Goal of the exercise:
Where a picture appears in the data below, exclude it; restate everything else word for word.
══ Data block
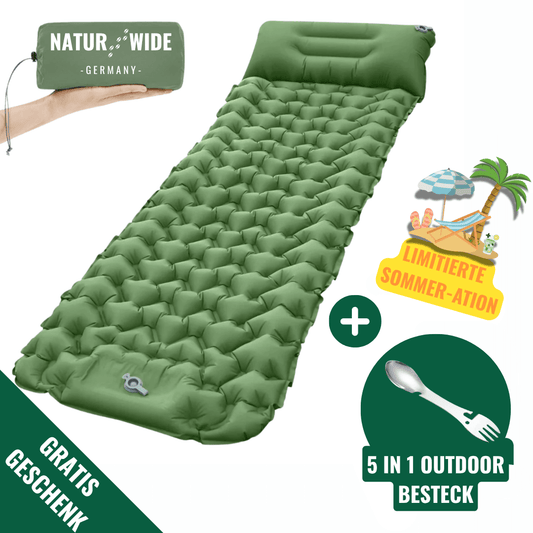 Ultraleichte kompakte Isomatte + gratis 5in1 Besteck – Ideal für jedes Abenteuer unterwegs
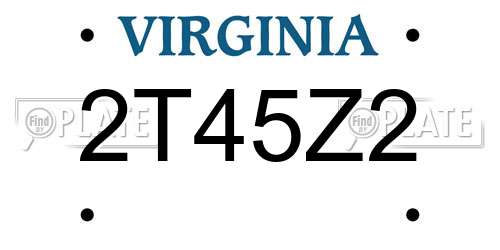 2T45Z2 Virginia License Plate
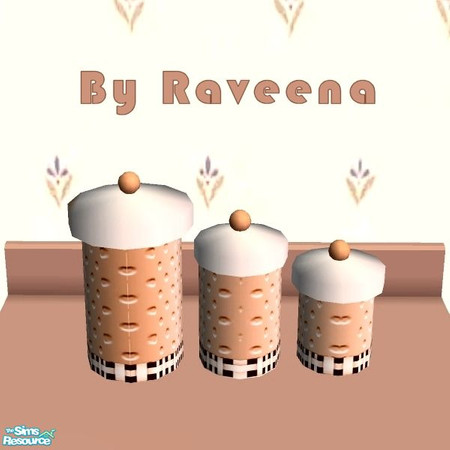 Sims 2 — Peaches and Cream Cannisters by Raveena — Part of the Peaches & Cream kitchen. You need Buntah's mesh for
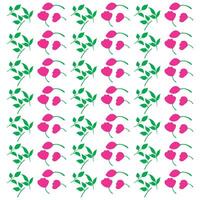 Pink Roses and Green Leaves Pattern Botanical Design with Natural Elements Isolated on White Background for Decorative Use vector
════
Your response:
 Ultraleichte kompakte Isomatte + gratis 5in1 Besteck – Ideal für jedes Abenteuer unterwegs
 2T45Z2 Virginia License Plate
 Sims 2 — Peaches and Cream Cannisters by Raveena — Part of the Peaches & Cream kitchen. You need Buntah's mesh for
 Pink Roses and Green Leaves Pattern Botanical Design with Natural Elements Isolated on White Background for Decorative Use vector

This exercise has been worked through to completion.